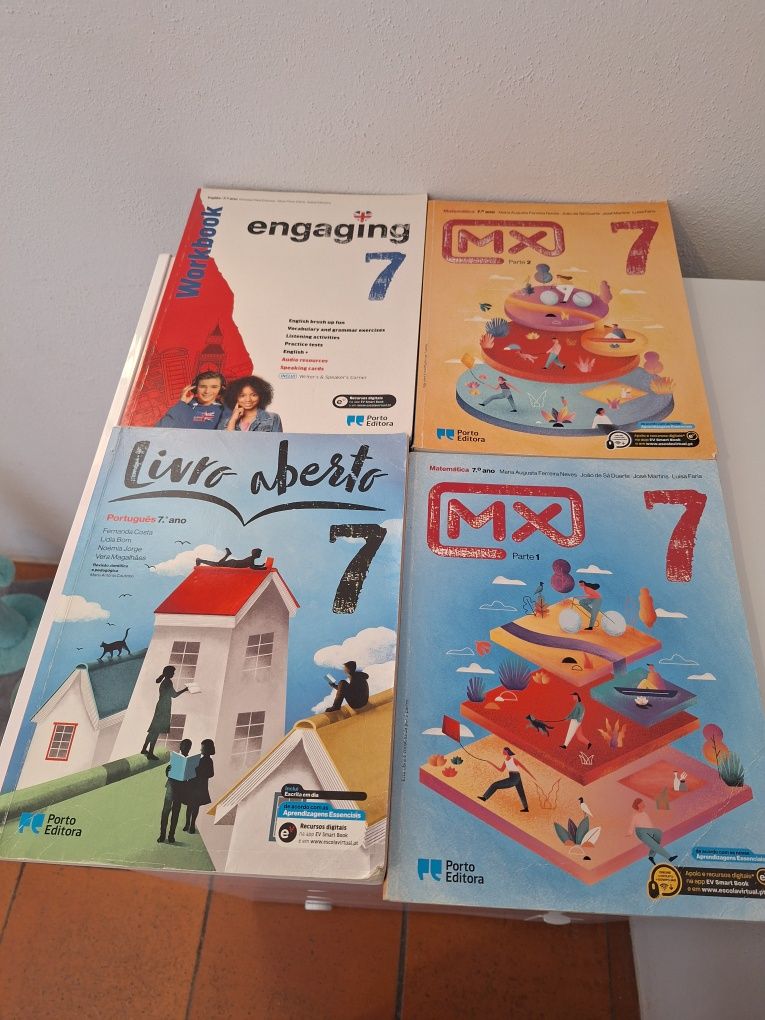 Livros escolares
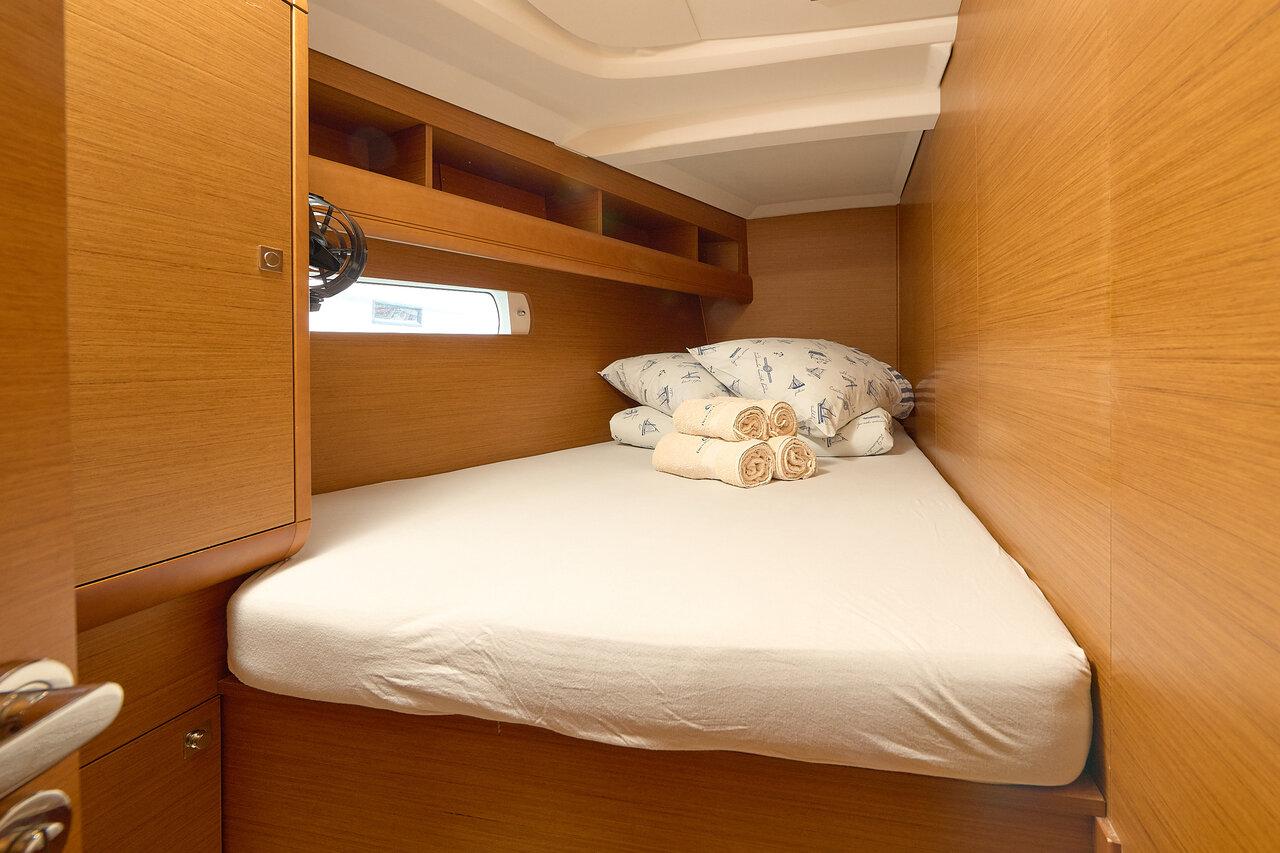 Sun Odyssey 479 - 4 cab., picture 30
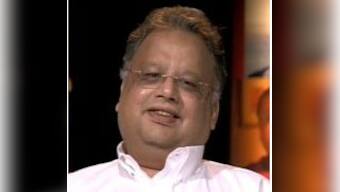 Jhunjhunwala breaks free of Warren Buffett-style investing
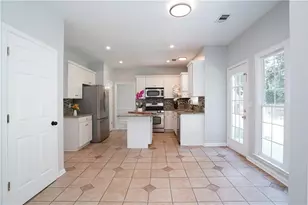272 Birchmore Walk, Lawrenceville, GA 30044 - Photo 7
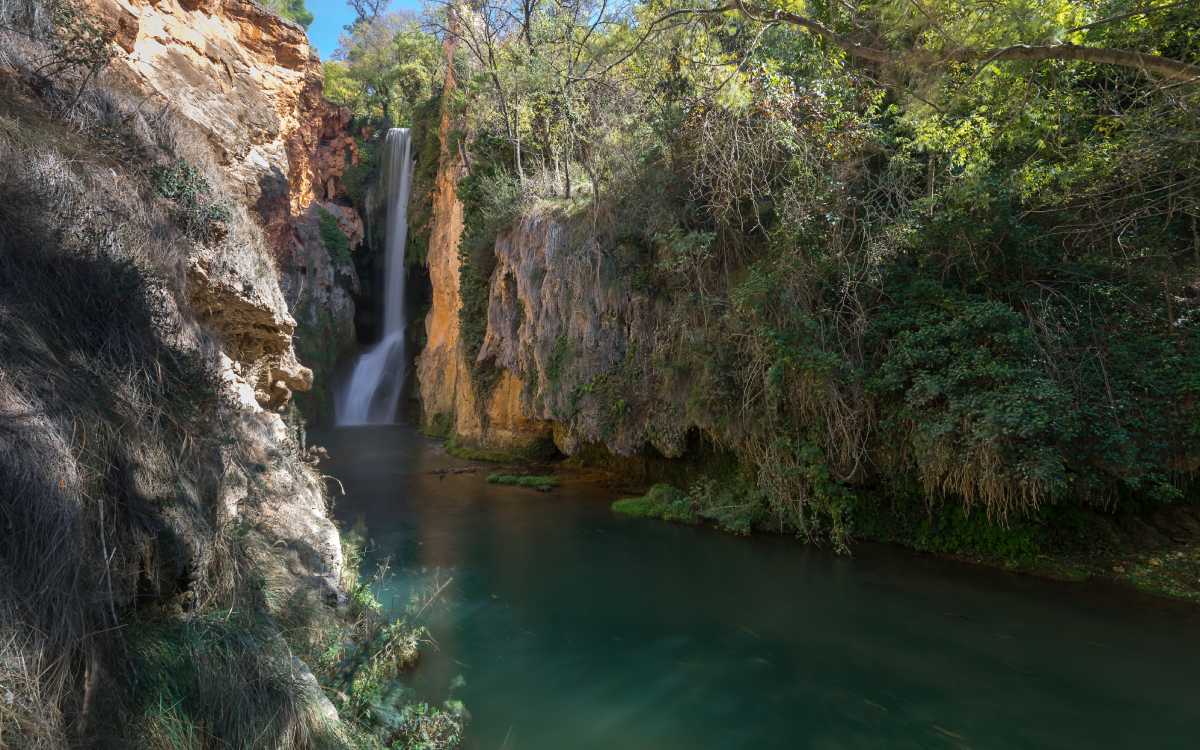Cola de Caballo waterfall.
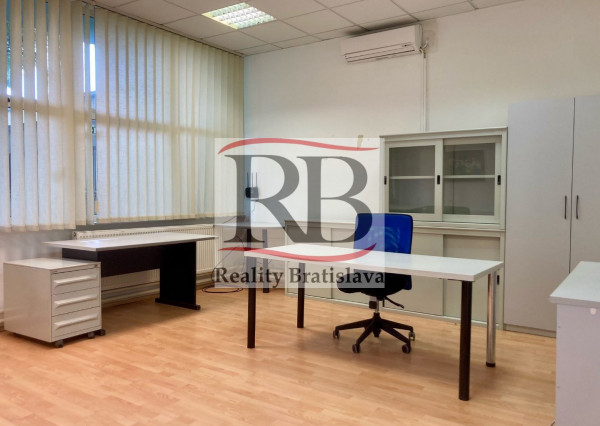 Zrekonštruované kancelárske priestory 35 m2 v Petržalke, Krupinská ul.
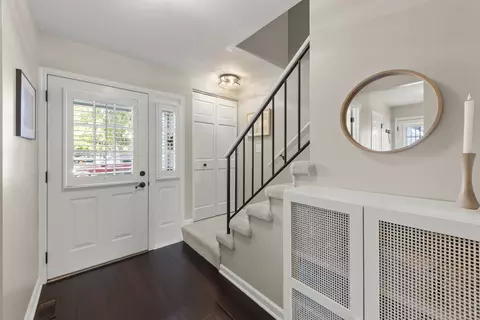 Entry Way - 1056 Devonshire Ave, Naperville, IL 60540 photo 2 of 2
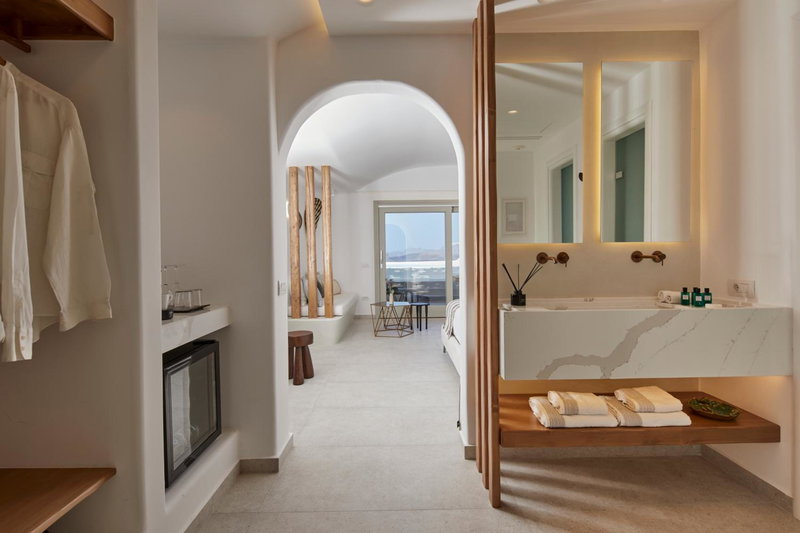 Phos The Boutique, Akrotiri, Greece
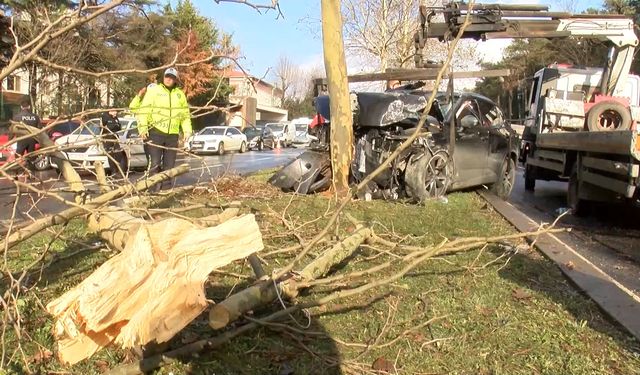 Sarıyer’de 2 otomobile vurduktan sonra ağaca çarptı: 2 yaralı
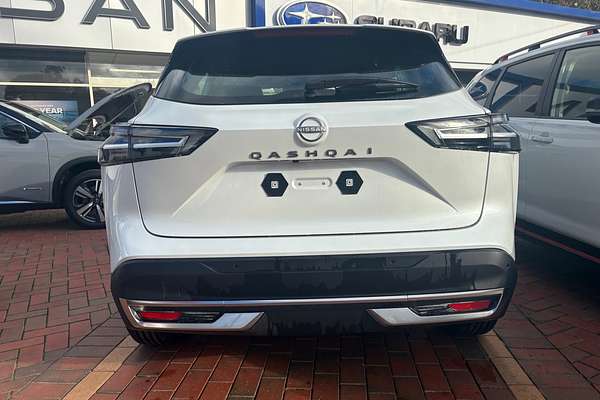 2025 Nissan QASHQAI ST J12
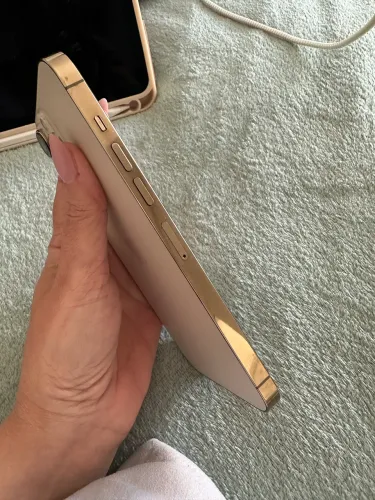 iPhone 13 Pro Max dourado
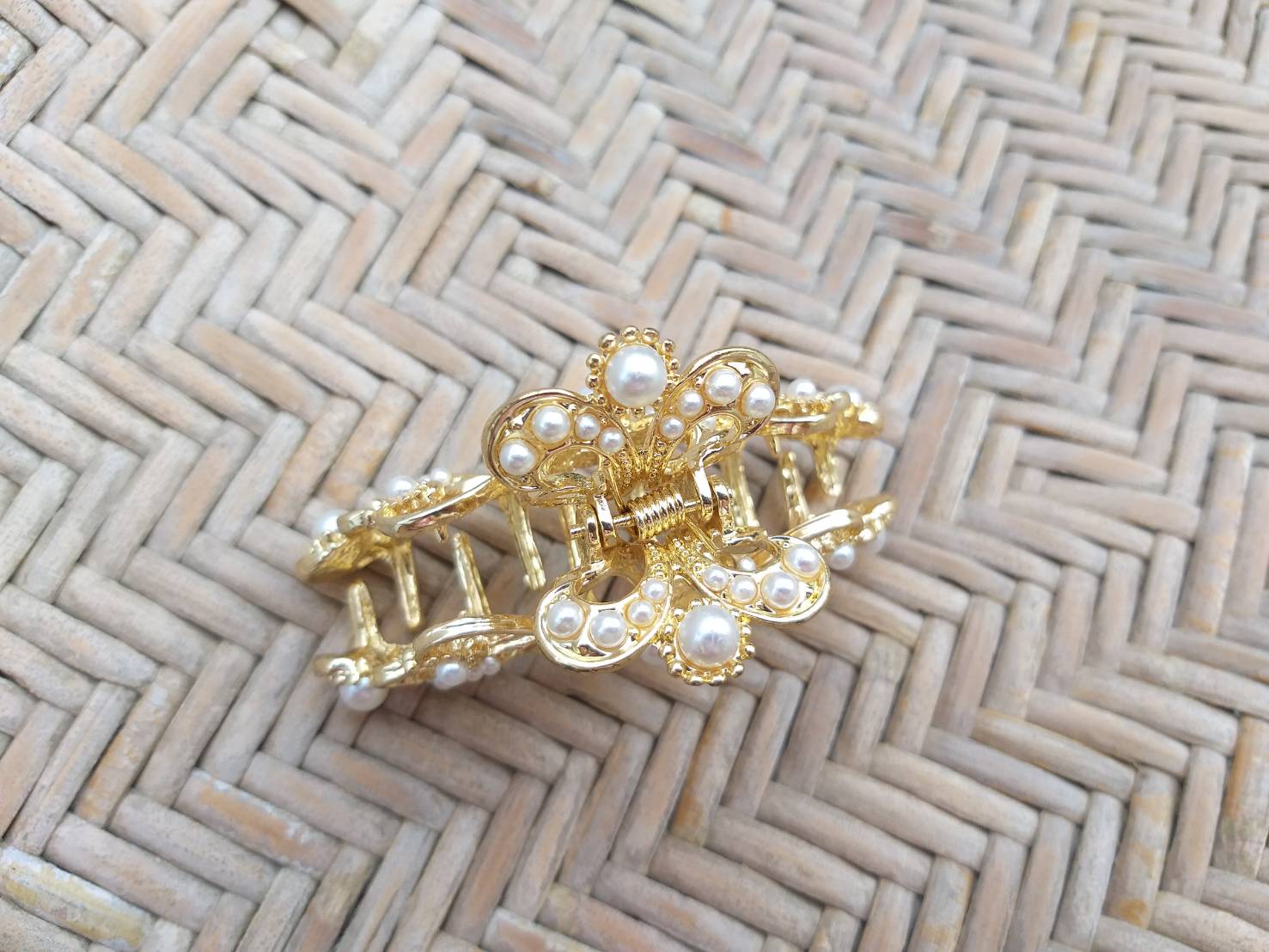 กิ๊บหนีบผมประดับมุก หรูมาก (ของใหม่)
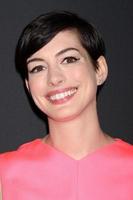 los angeles - 19 de octubre - anne hathaway en la fiesta rosa de 2013 en el hanger 8 el 19 de octubre de 2013 en santa monica, ca foto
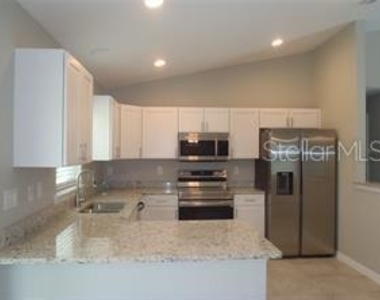 7450 Cohen Street - Photo Thumbnail 12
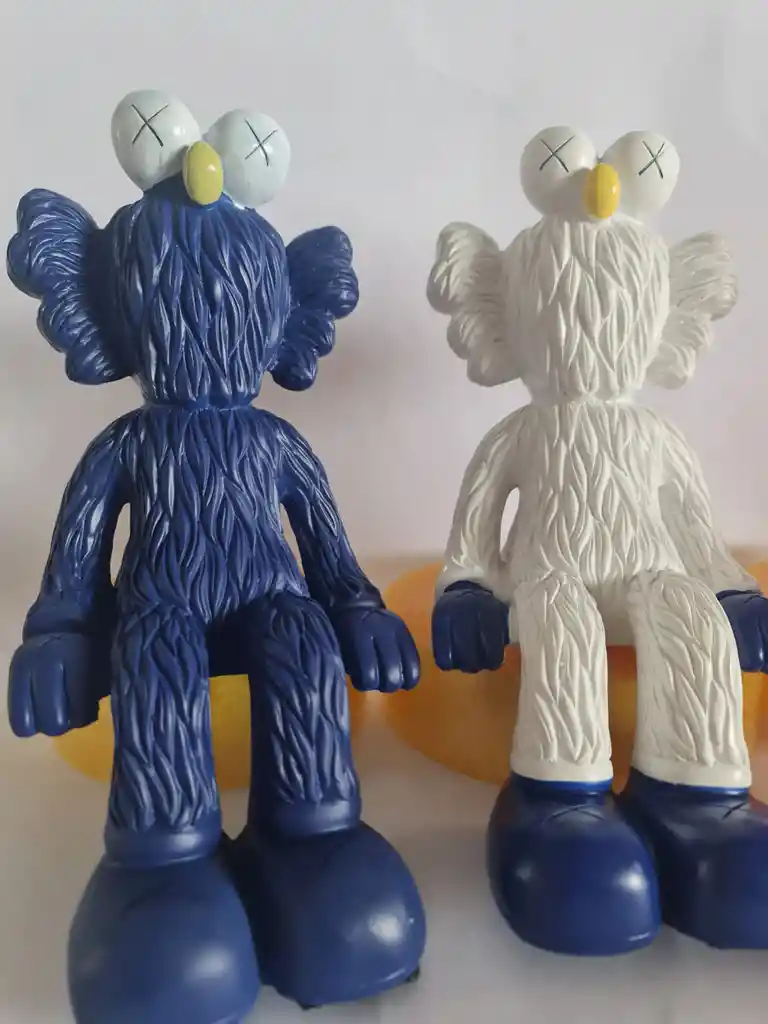 Kaws Sentado De Elmo Figura Decorativa En Cerámica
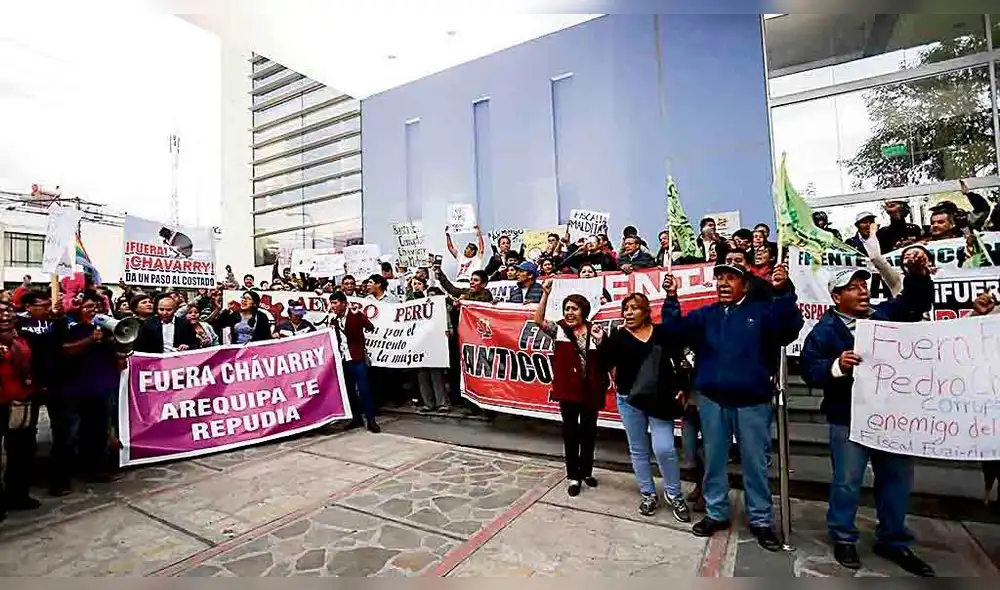 Movilizaciones no cesarán hasta que Chávarry salga del Ministerio Público [VIDEOS]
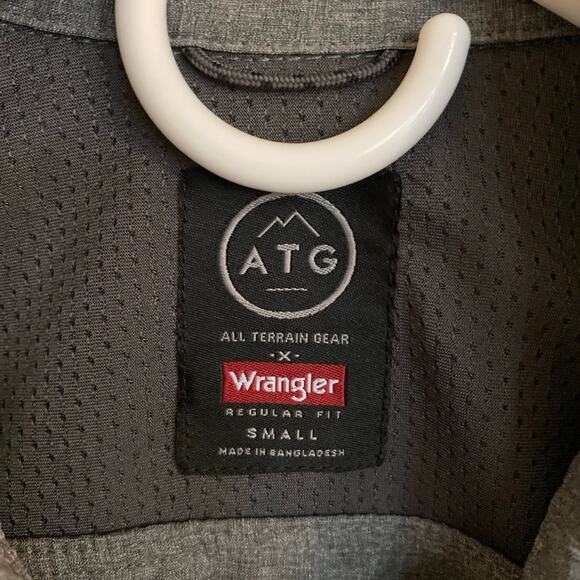 Wrangler All Terrain Gear Short Sleeves Shirt Men's Small - Picture 2 of 5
+++++
» **Instructions to follow**
Only one thing is wanted here, an exact copy of the lines from the first line above through the line containing "กิ๊บหนีบผมประดับมุก หรูมาก (ของใหม่)", minus any picture.

» **Solved problem**
 Livros escolares
 Sun Odyssey 479 - 4 cab., picture 30
 Jhunjhunwala breaks free of Warren Buffett-style investing
272 Birchmore Walk, Lawrenceville, GA 30044 - Photo 7
Cola de Caballo waterfall.
 Zrekonštruované kancelárske priestory 35 m2 v Petržalke, Krupinská ul.
 Entry Way - 1056 Devonshire Ave, Naperville, IL 60540 photo 2 of 2
 Phos The Boutique, Akrotiri, Greece
 Sarıyer’de 2 otomobile vurduktan sonra ağaca çarptı: 2 yaralı
 2025 Nissan QASHQAI ST J12
 iPhone 13 Pro Max dourado
 กิ๊บหนีบผมประดับมุก หรูมาก (ของใหม่)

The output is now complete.